ACTIVITY =>
Give the data again exactly, without its images.

::::

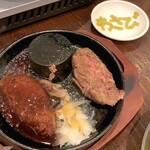 芝浦食肉 - 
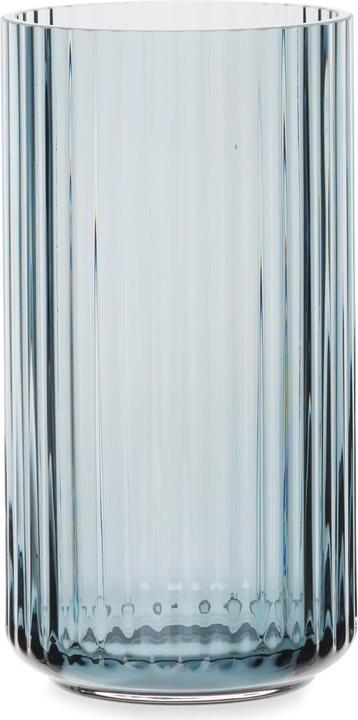 Image du produit Lyngby Vase en verre (1 x, 25 x 14 cm)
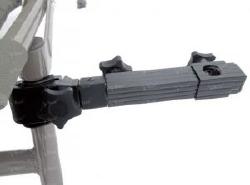 Держатель зонта на кресло Carp Zoom Umbrella arm 25см CZ2012 фотография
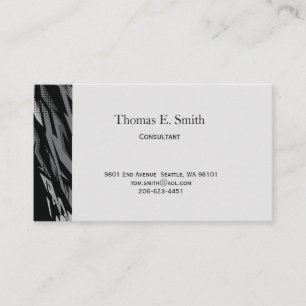 Classic Calling Card Telefonnummerkarte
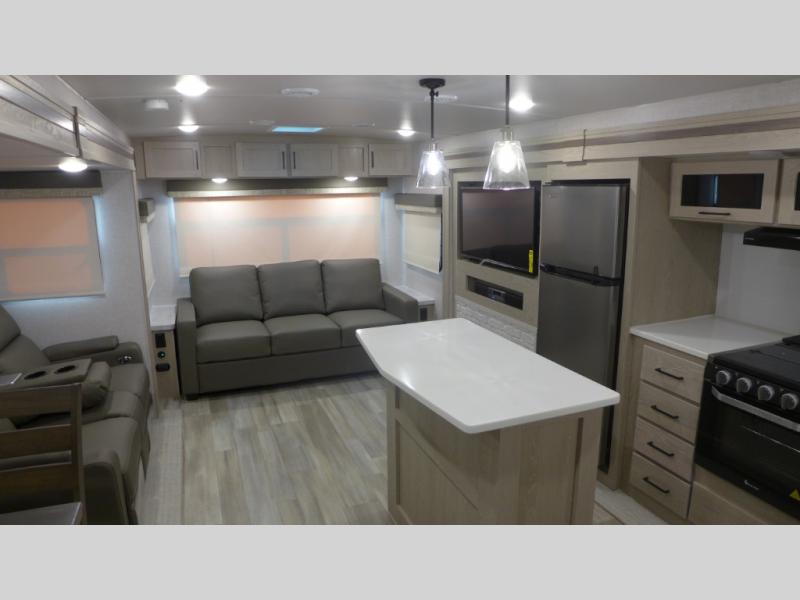 2023 Forest River Flagstaff Super Lite 29RLBS, $ 43,990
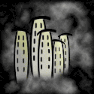 buildings toon stormy md wht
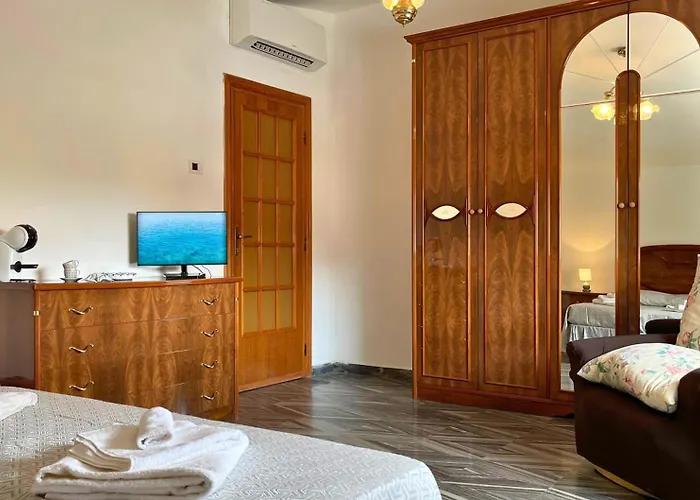 Гостьовий будинок Domo De Aurora - Comfort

::::

RESPONSE =>
 芝浦食肉 - 
 Image du produit Lyngby Vase en verre (1 x, 25 x 14 cm)
 Держатель зонта на кресло Carp Zoom Umbrella arm 25см CZ2012 фотография
 Classic Calling Card Telefonnummerkarte
 2023 Forest River Flagstaff Super Lite 29RLBS, $ 43,990
 buildings toon stormy md wht
 Гостьовий будинок Domo De Aurora - Comfort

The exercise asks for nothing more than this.